The Current Inflation Landscape
Recent data reveals that India's retail price index remained virtually flat in October, registering a mere 0.25% increase compared to the same month last year. This development comes approximately a decade after the Reserve Bank of India received an explicit inflation targeting mandate, with the central bank currently projecting inflation at 2.6% for fiscal year 2025-26.
The RBI maintains its inflation target at 4%, allowing a flexibility band of 2 percentage points in either direction. While the central bank forecasts inflation reaching 4% by the quarter ending March 31, 2026, and 4.5% in the subsequent three months, the current ultra-low readings have generated mixed reactions across economic sectors.
Who Bears the Brunt of Low Inflation?
Businesses across India are feeling the pinch of static prices, which significantly reduces their pricing power. When companies cannot adjust prices upward, they face compressed revenue growth and must resort to aggressive cost-cutting measures to protect profit margins. This scenario often results in flatter financial performance graphs that concern investors and stakeholders alike.
The government confronts its own set of challenges with weak nominal growth translating to slower tax revenue increases. This revenue constraint forces more careful fiscal management and potentially limits public spending to maintain deficit targets. Additionally, the Centre loses the subtle benefit that inflation provides in reducing the real burden of public debt over time.
For individual borrowers, including those with home loans and personal debt, stable prices eliminate the hidden advantage that inflation typically provides by gradually eroding the real value of their repayment obligations. Unless loans are repriced at lower interest rates, debtors face the full burden of their original borrowing commitments.
The Broader Economic Benefits of Price Stability
Despite these challenges, price stability delivers significant advantages to the broader economy that extend well beyond protecting household savings and helping low-income families manage their budgets more effectively.
The assurance that the rupee's purchasing power will decline at a predictable, modest rate creates two crucial economic benefits. First, it reduces the overall cost of capital across the economy by minimizing the risk premium that creditors would otherwise demand to compensate for unpredictable inflation erosion.

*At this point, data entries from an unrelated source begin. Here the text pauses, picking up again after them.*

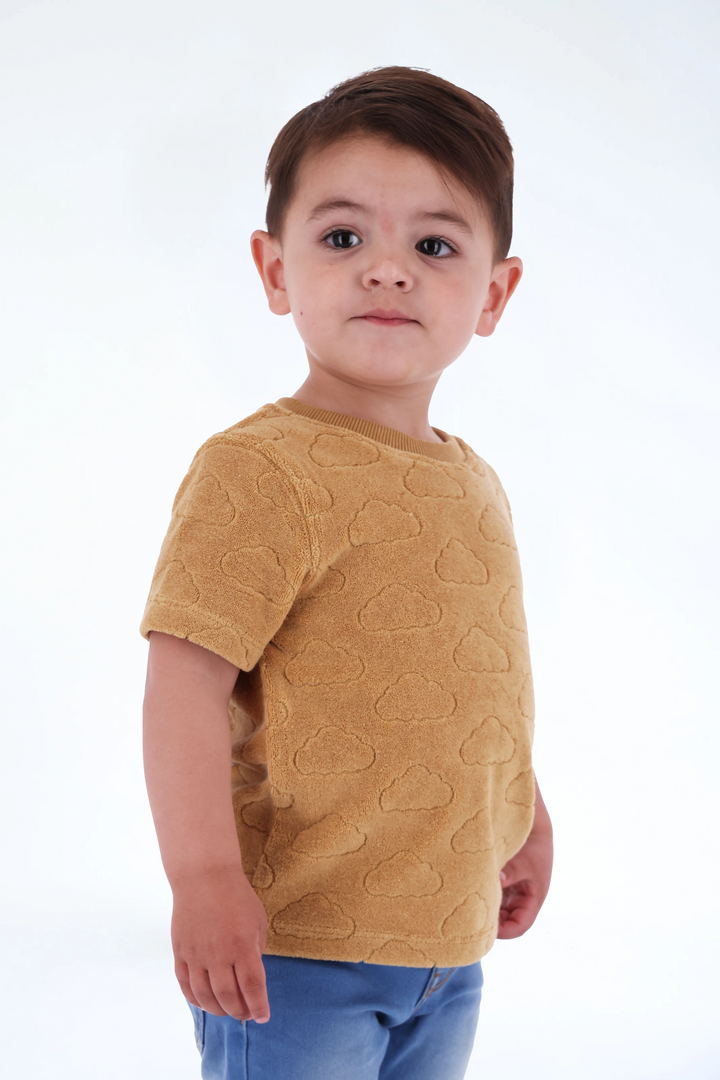 Towel Tee Cloud Beige
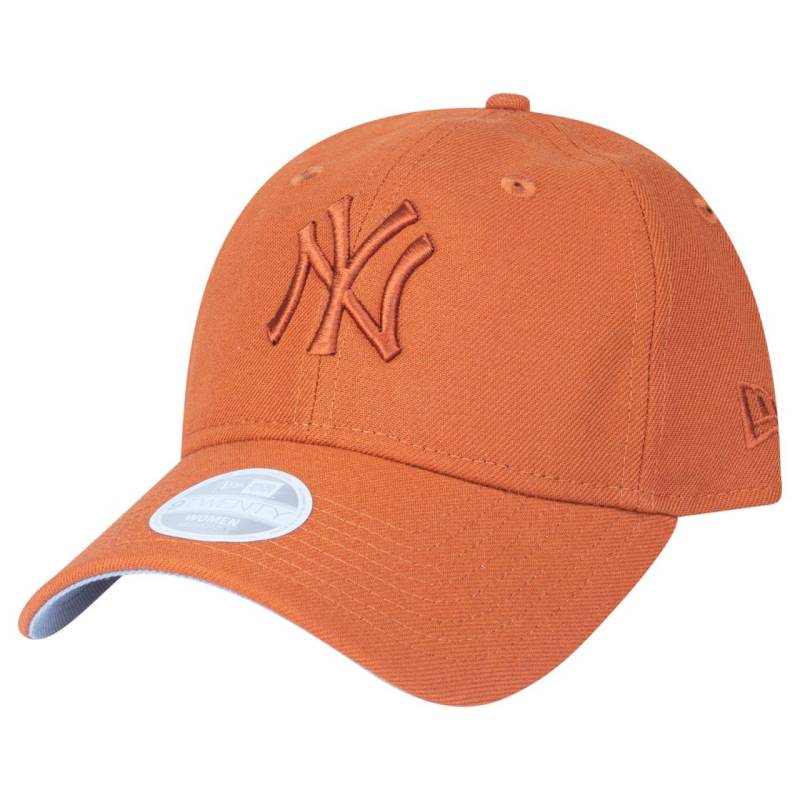 New Era 9Twenty Damen Cap - New York Yankees rust orange von New Era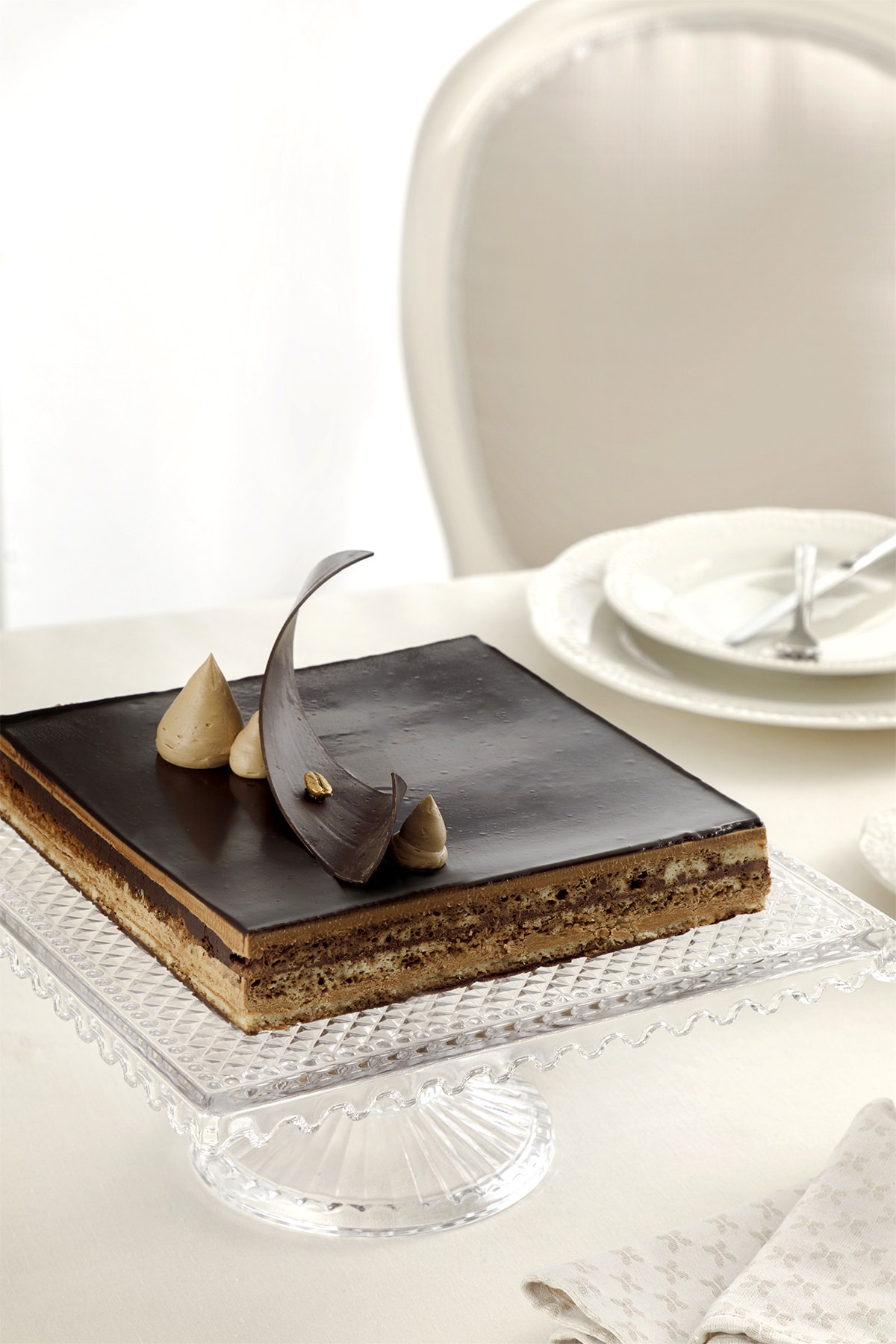 english home victory cam kek standi 25 cm seffaf fiyati yorumlari trendyol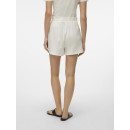 Pantalones Cortos Shorts VERO MODA Natali Snow White Clear White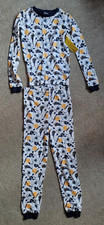 NWT Joe Boxer Boys 2 Piece Pajama Set Size 12 Hockey Players Slapshot Warm Nice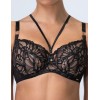 Мягкий кружевной бюстгальтер Alles THE ICON M черный, Цвет: черный, Размеры: 95G
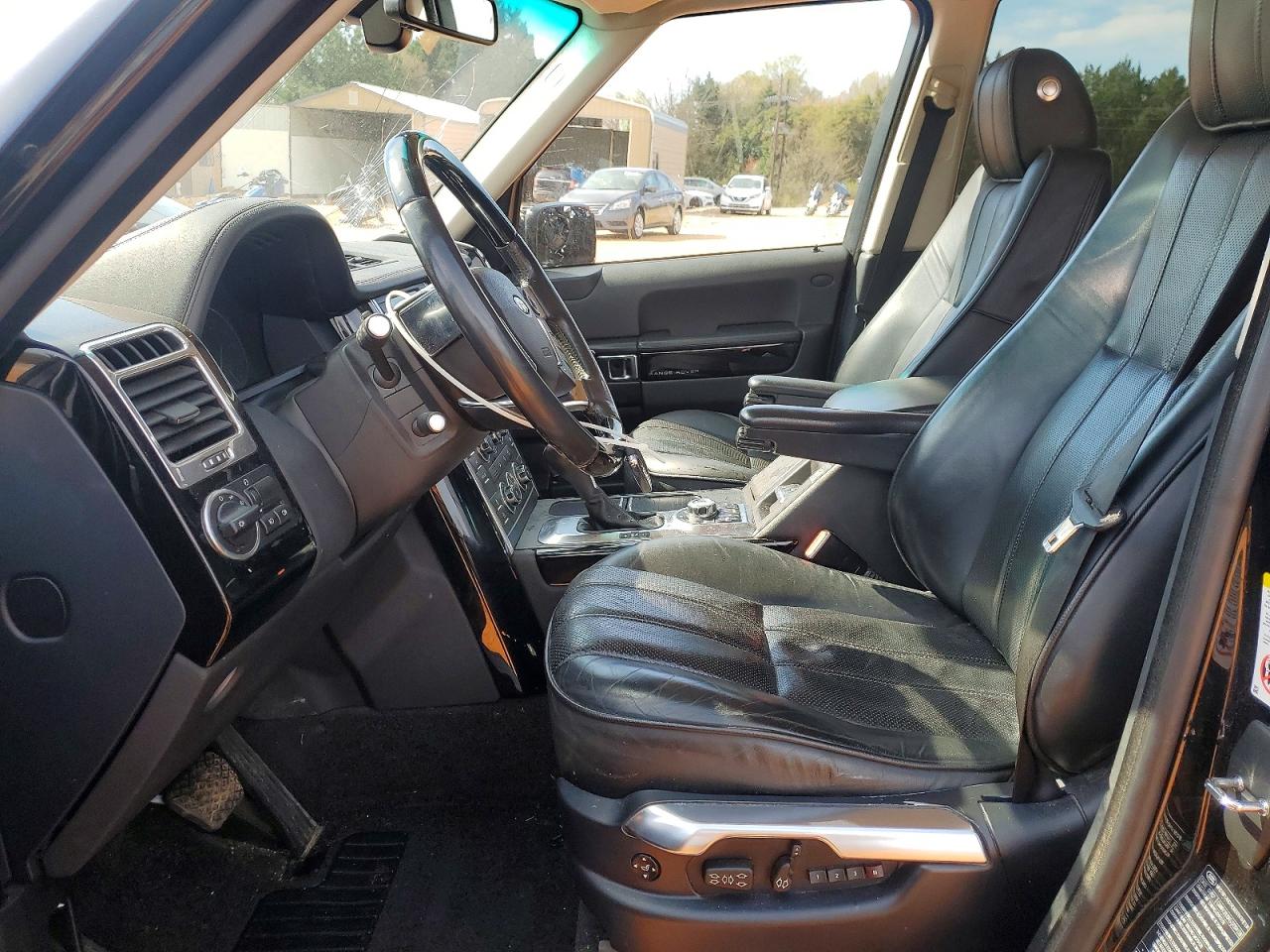 2012 LAND ROVER RANGE ROVER HSE LUXURY photo 13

Second, and perhaps more importantly, stable inflation enables long-range investment planning in local currency terms. Investors can make more reliable forecasts about future costs and returns, encouraging capital allocation to productive enterprises rather than inflation-hedging strategies.
There is growing evidence that the RBI's inflation targeting framework has played out favorably for India's economic fundamentals, creating a more predictable environment that supports sustainable growth.
Navigating the Path Forward
For price stability to deliver its full economic promise, policymakers must ensure its endurance over the long term. The current dip below RBI's target band doesn't necessarily signal alarm, provided the threat of deflation—which can trigger a severe economic crisis—remains contained.
Economists argue that unless deflation risks become credible, authorities should resist pressure to artificially stimulate prices upward. While some debtors and revenue-dependent entities may express concern, maintaining discipline helps the economy overcome what experts call the 'money illusion'—the tendency to focus on nominal rupee figures rather than real purchasing power.
The ultimate economic justice lies in ensuring that people don't fall victim to this illusion by keeping the gap between real and nominal economic indicators tightly controlled. As India continues its economic ascent, the low inflation environment, while challenging for specific sectors, may well represent a necessary phase in building a more stable and resilient economic foundation for future generations.